After a short bus ride (paid locally) to reach the Kawabune Boat Tour Centre, embark on a traditional boat ride down the Kumano-gawa River. For over 1000 years pilgrims have been making the journey to Kumano and the Kumano-gawa River has been a vital section of the pilgrimage route between Kumano Hongu Taisha in Hongu and Kumano Hayatama Taisha in Shingu. You will journey in a traditional wooden flat-bottom boat as pilgrims have been doing for centuries.
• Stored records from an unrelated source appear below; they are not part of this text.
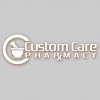 Custom Care Pharmacy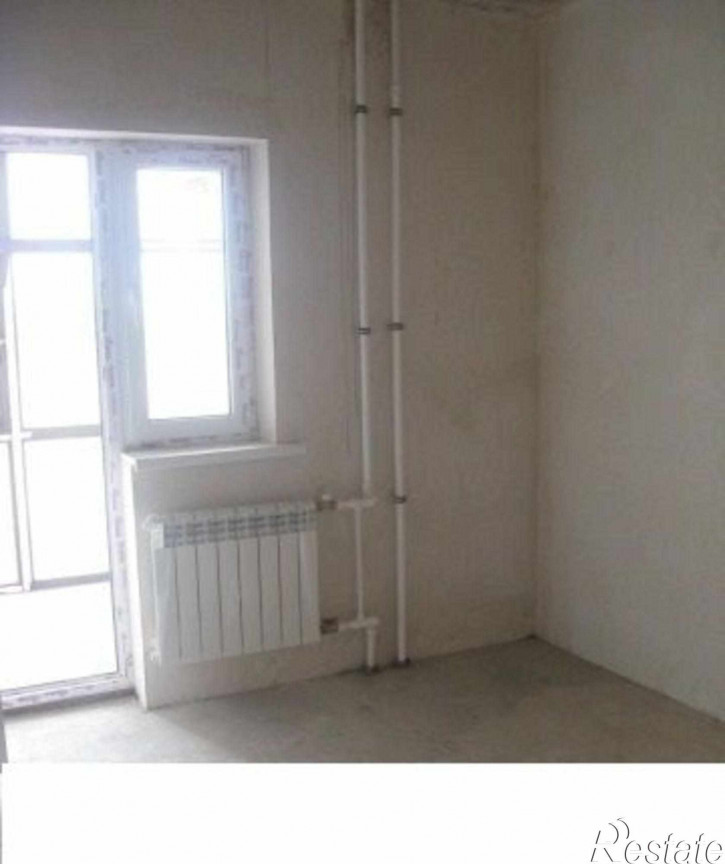1-комн квартира Комсомольская ул, 111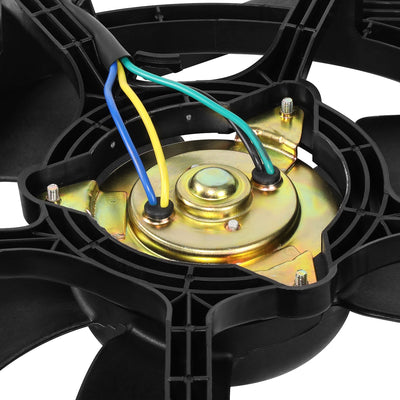 OEM-RF-0875 - 5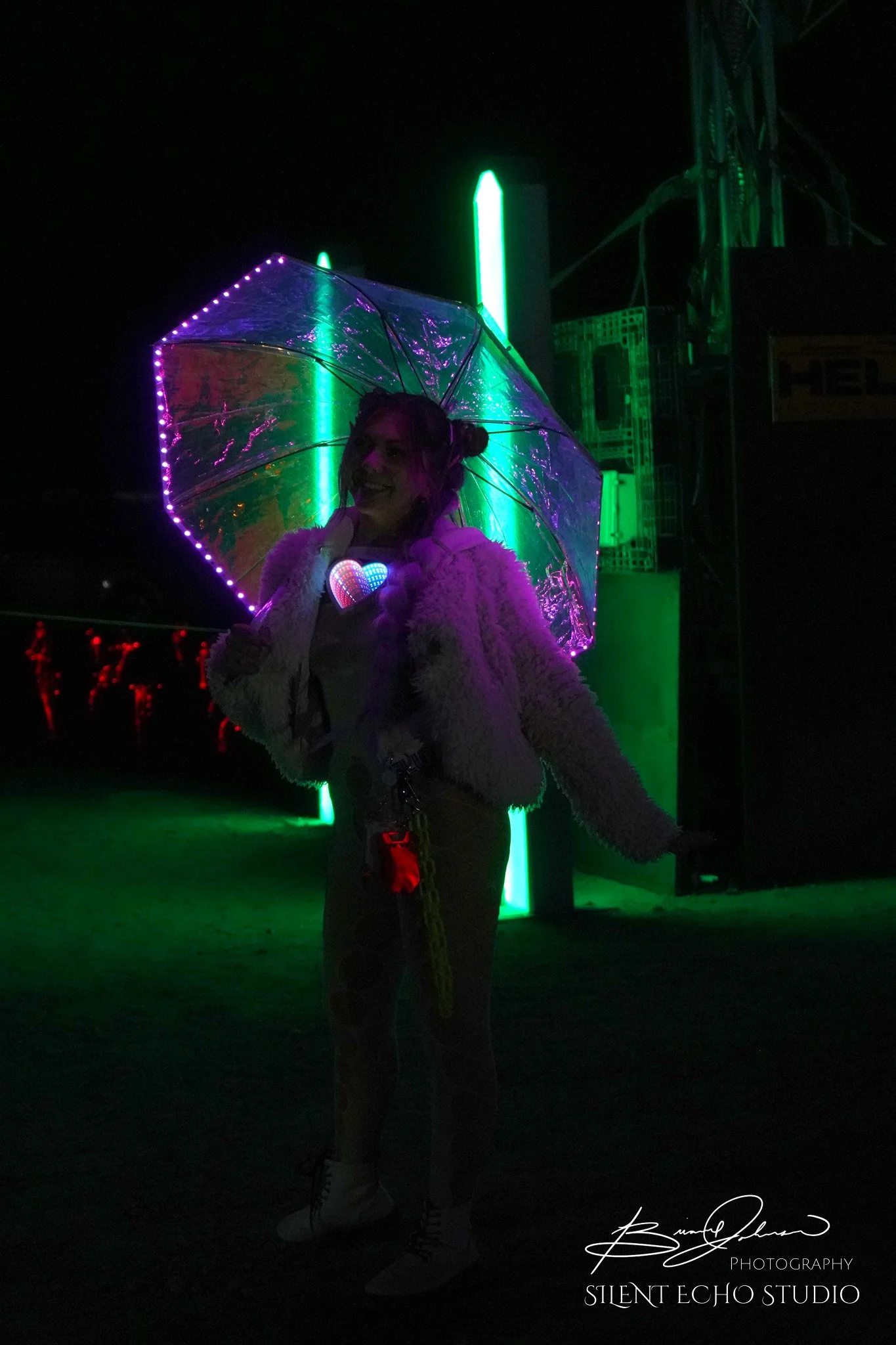 DSC04714.jpg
The boat tour finishes in Shingu, close to the Kumano Hayatama Shrine, one of the sacred Grand Shrines of the Kumano region. Although the shrine buildings were rebuilt recently, the Hayatama Taisha has occupied the same location since at least the 12th century and the area has been a site of nature worship for much longer. In fact, the nature in and around the shrine is an integral part of this Grand Shrine’s precincts and annual rituals. The ancient 800-year-old Nagi-no-Ki tree highlights the area’s deep tradition of nature worship and is considered a sacred tree of God. Small dolls made from the seeds of this tree are believed to generate luck with the opposite sex or a happily married life to couples. We also recommend visiting the nearby Gotobiki-iwa, a gigantic rock worshipped as a sacred object and located halfway up Gongen Mountain. Is it believed that it was here that the first Kumano deities descended to earth from the heavens. At the base of this monolith is the Kamikura-jinja shrine.

After looking around Shingu, you will catch a bus to Nachi Station and on to Nachisan (paid locally), your overnight location. Visit the brightly coloured Kumano Nachi Taisha shrine, another of the three grand shrines of Kumano. Also nearby is the wonderful wooden Seiganto-ji temple and the spectacular Nachi-no-Otaki waterfall, which is the highest in Japan and can be seen from far out on the Pacific Ocean. If time allows you may also like to walk an extra section of the Kumano Kodo trail between Nachisan and Daimon-zaka. The trail is an impressive cobblestone staircase lined with centuries-old trees.

Meals: B D

Day 5
WALK KUMANO NACHI TAISHA TO KOGUCHI (14KM)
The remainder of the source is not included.